**Instructions for the task:** Could you restate, exactly and with nothing added, the lines from the start of the data through the line that holds "2012 Honda Civic EX-L Sedan in Taffeta White", leaving the pictures out?

━━━━━━━━

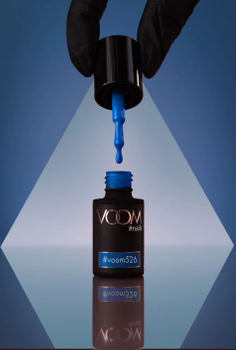 Kolorowy lakier hybrydowy #voom526 BLUE RACE CAR 5 ml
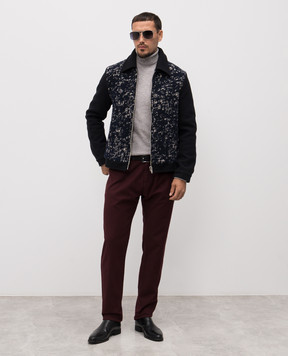 Altatensione Burgundy pants ROXY2486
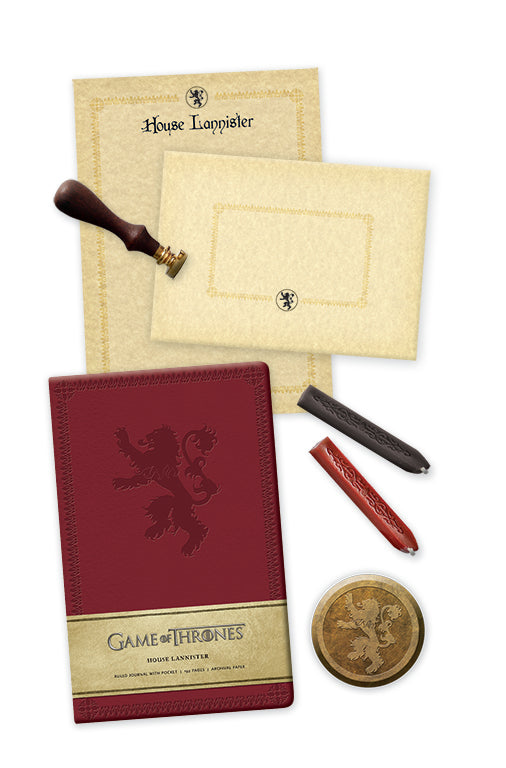 Game of Thrones: House Lannister Deluxe Stationery Set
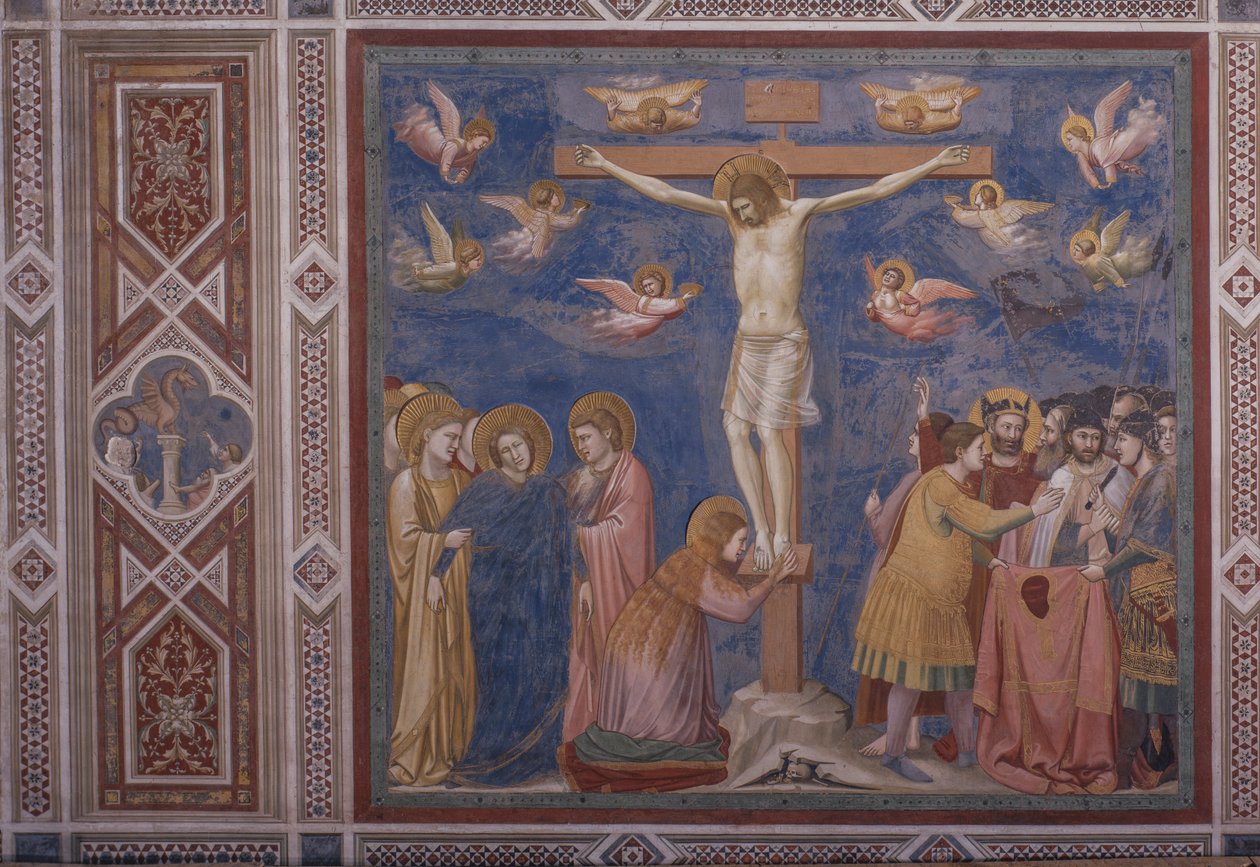 Korsfästelse (Crocifissione), av Giotto av Giotto (c.1266 1337)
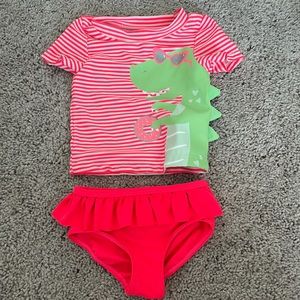 Carter’s Dinosaur bathing suit,  9 month
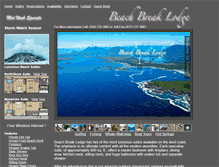 Tablet Screenshot of beachbreaklodge.com
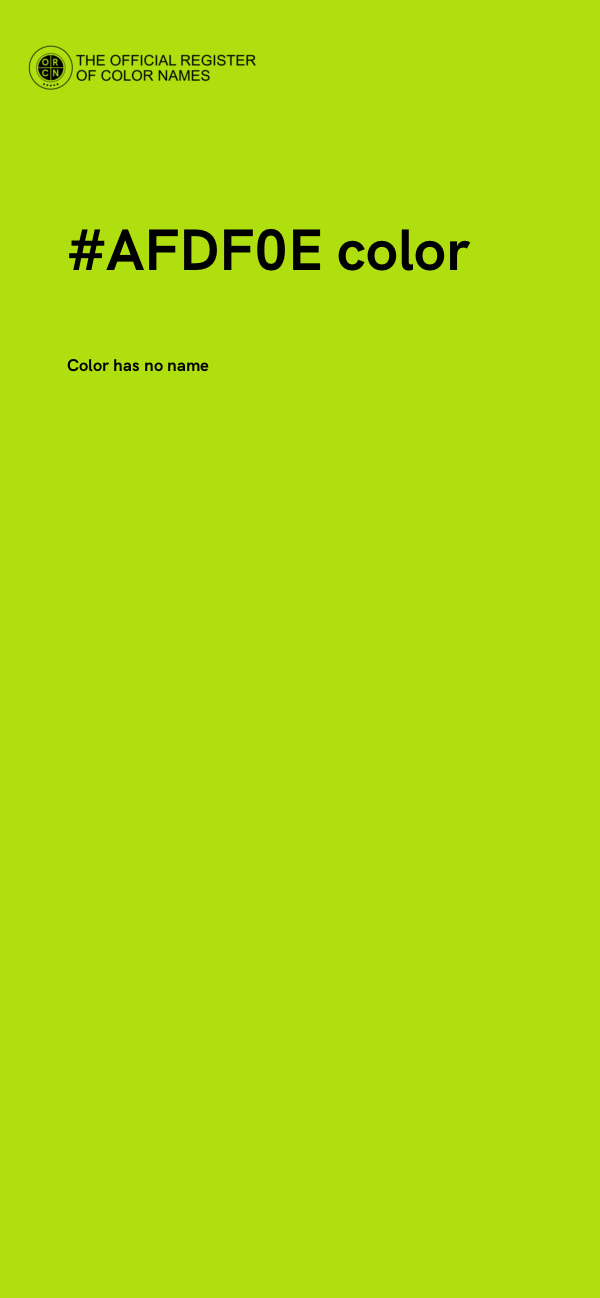 #AFDF0E color image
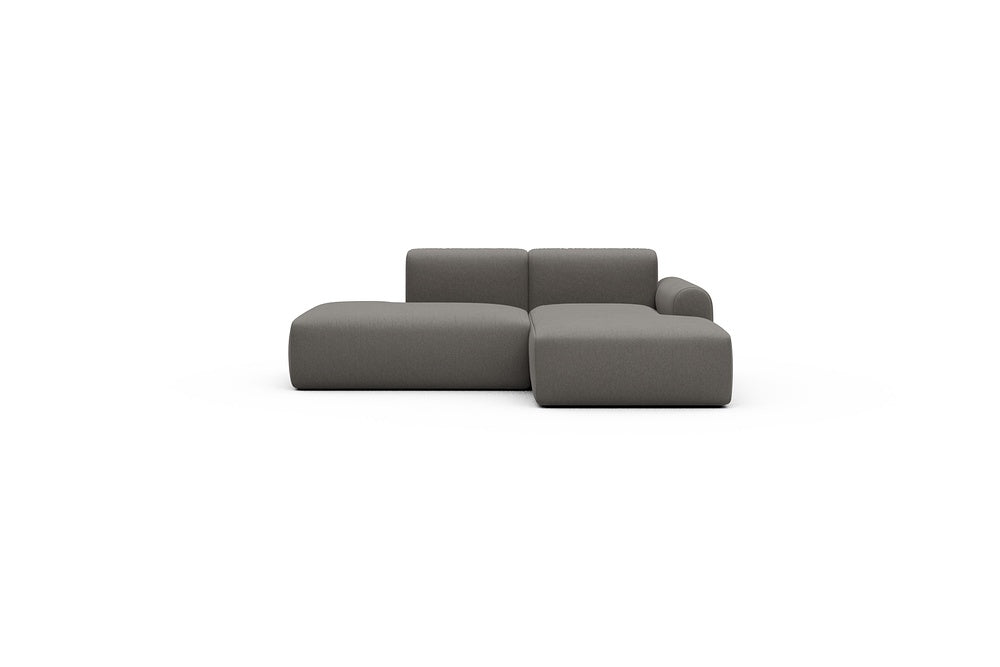 Rund Casual Modular Sofa - Configurations 1 - E2L - 224 x 152 cm - Open-end + Chaise - 446 Satya Taupe Brown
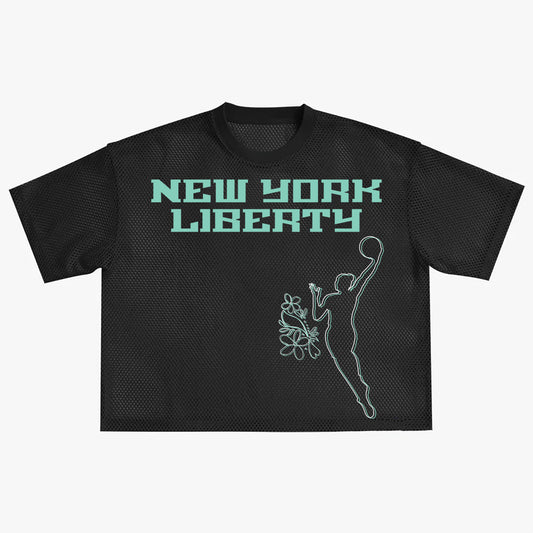 New York Liberty Sporty Mesh Top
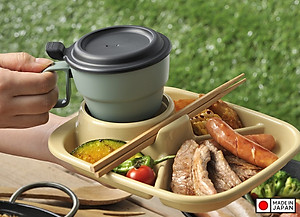 Cốc uống nước Inomata có nắp đậy an toàn giúp giữ gìn vệ sinh cốc & đồ uống bên trong - nội địa Nhật Bản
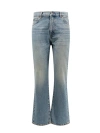 HAIKURE COTTON JEANS WITH BACK LOGO PATCH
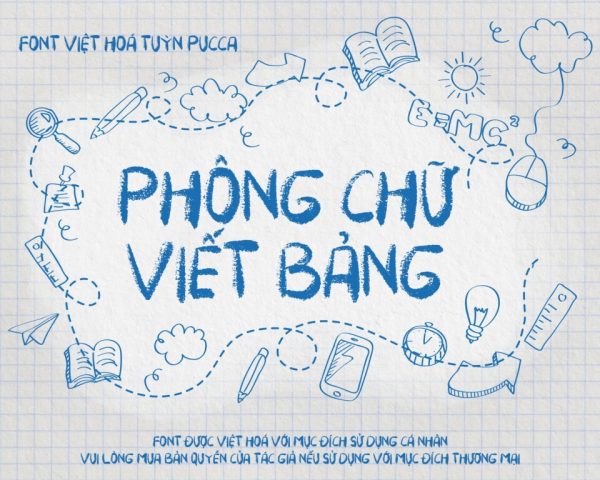 Font Việt hóa TP Easter Chalk – Phấn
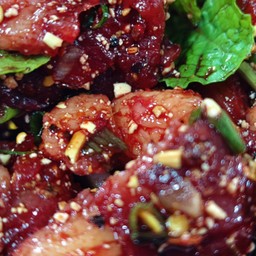 ก้อยเนื้อ( ขม)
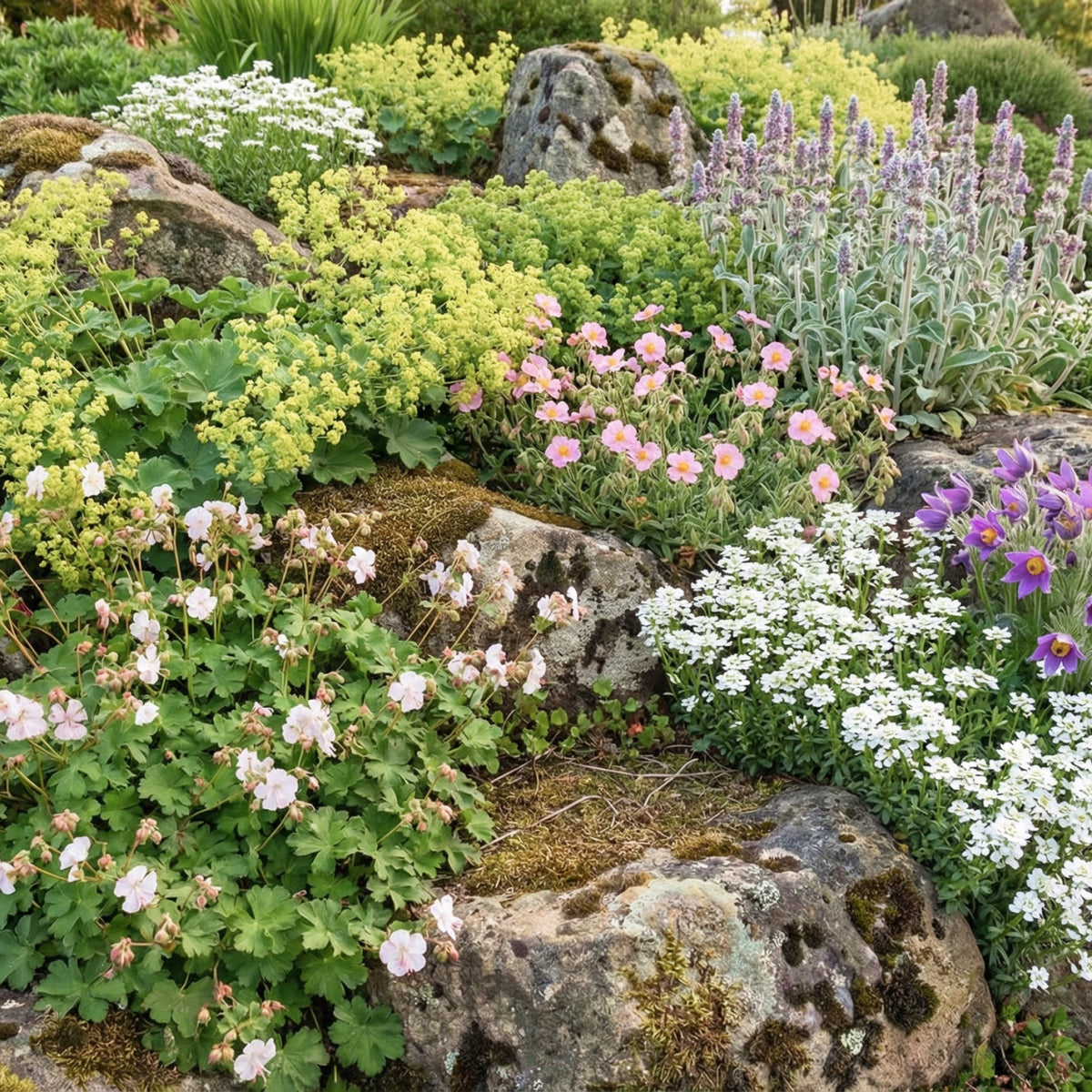 Stauden-Set Steingarten (6er Set)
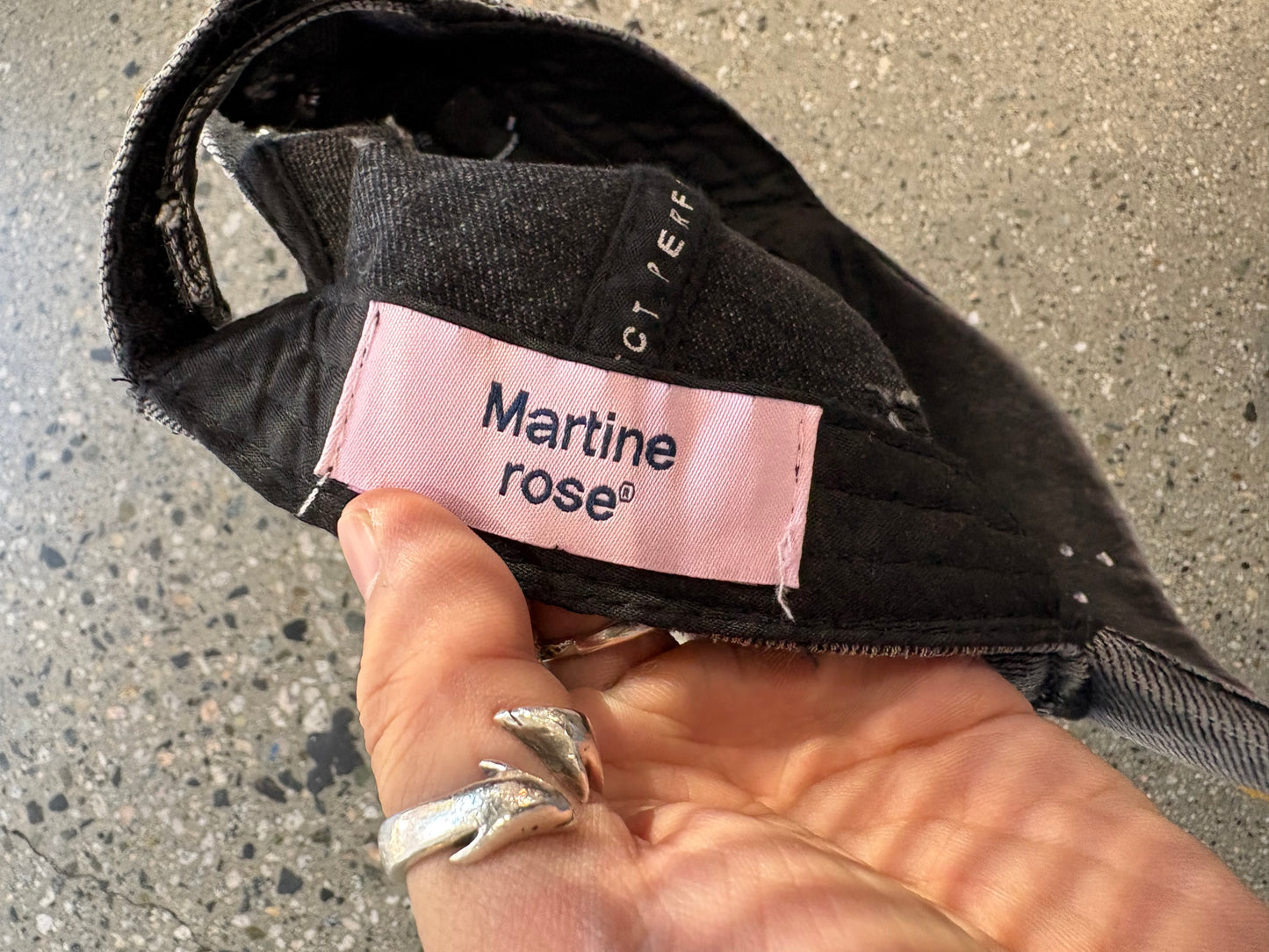 Martine Rose Broke the Ink Wash Cap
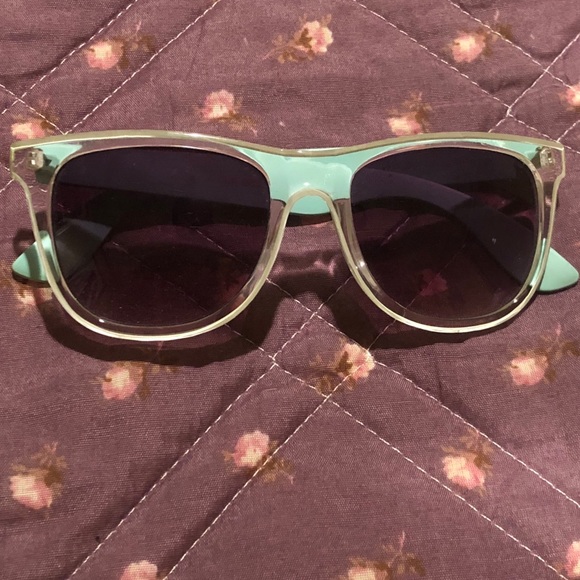 Urban Outfitters Accessories - Teal and Clear Wayfarer Sunnies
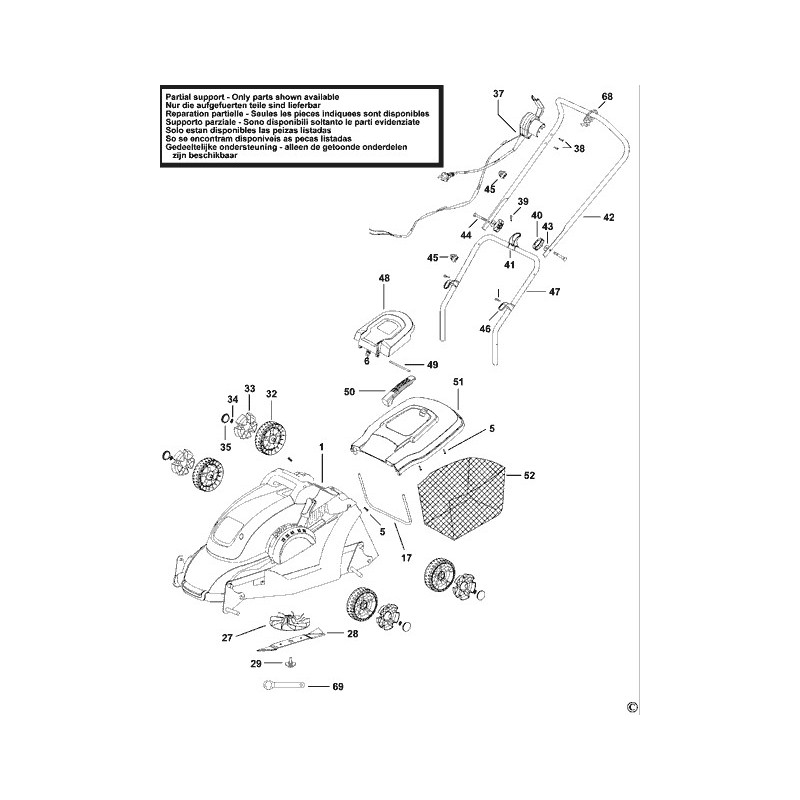 Turbine avec ecrou pour tondeuses BLACK et DECKER GR3400 Turbine avec ecrou pour tondeuses BLACK et DECKER GR3400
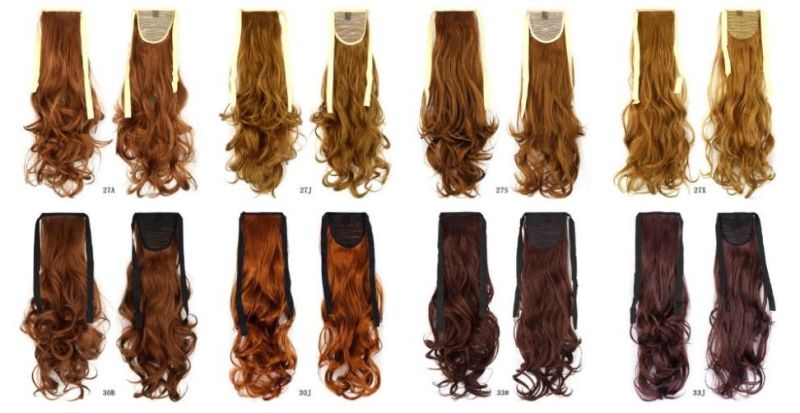 Wendyhair Single Drawn High Fibe Synthetic Ponytail Colored Extension Hair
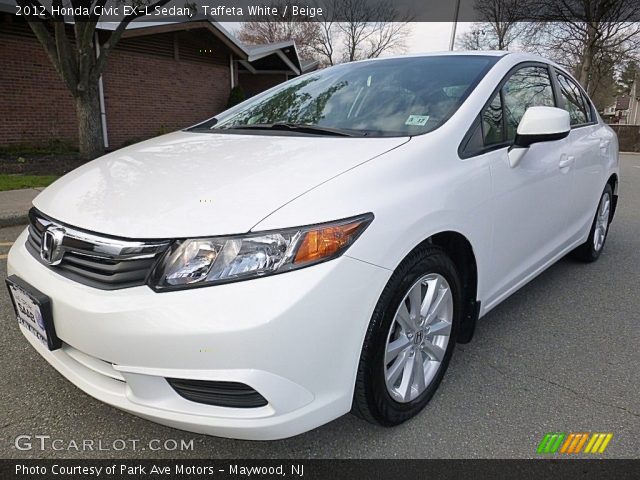 2012 Honda Civic EX-L Sedan in Taffeta White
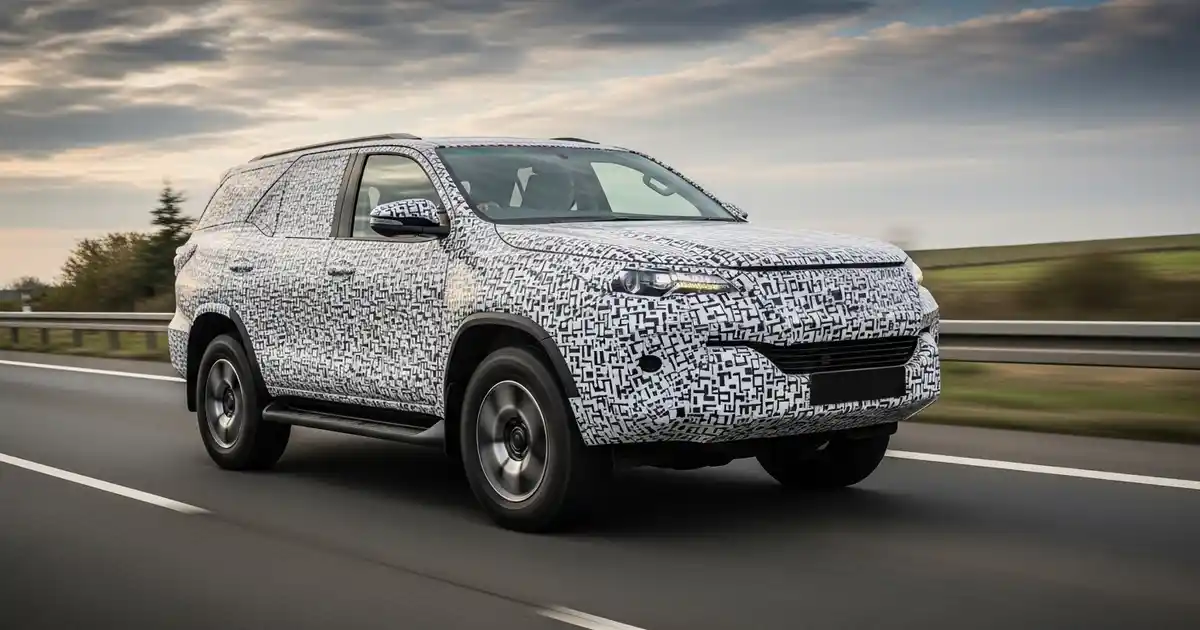 2026 Toyota Fortuner test mule spotted in Thailand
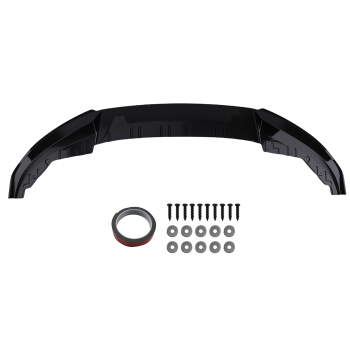 Black Front Lip Spoiler compatible for BMW i4 M50/G26 4 Series Gran Coupe 2021-24 M Sport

━━━━━━━━

**Completed exercise:**
 Kolorowy lakier hybrydowy #voom526 BLUE RACE CAR 5 ml
 Altatensione Burgundy pants ROXY2486
 Game of Thrones: House Lannister Deluxe Stationery Set
 Korsfästelse (Crocifissione), av Giotto av Giotto (c.1266 1337)
 Carter’s Dinosaur bathing suit,  9 month
 Tablet Screenshot of beachbreaklodge.com
 #AFDF0E color image
 Rund Casual Modular Sofa - Configurations 1 - E2L - 224 x 152 cm - Open-end + Chaise - 446 Satya Taupe Brown
 New York Liberty Sporty Mesh Top
 Cốc uống nước Inomata có nắp đậy an toàn giúp giữ gìn vệ sinh cốc & đồ uống bên trong - nội địa Nhật Bản
 HAIKURE COTTON JEANS WITH BACK LOGO PATCH
 Font Việt hóa TP Easter Chalk – Phấn
 ก้อยเนื้อ( ขม)
 Stauden-Set Steingarten (6er Set)
 Martine Rose Broke the Ink Wash Cap
 Urban Outfitters Accessories - Teal and Clear Wayfarer Sunnies
 Turbine avec ecrou pour tondeuses BLACK et DECKER GR3400 Turbine avec ecrou pour tondeuses BLACK et DECKER GR3400
 Wendyhair Single Drawn High Fibe Synthetic Ponytail Colored Extension Hair
 2012 Honda Civic EX-L Sedan in Taffeta White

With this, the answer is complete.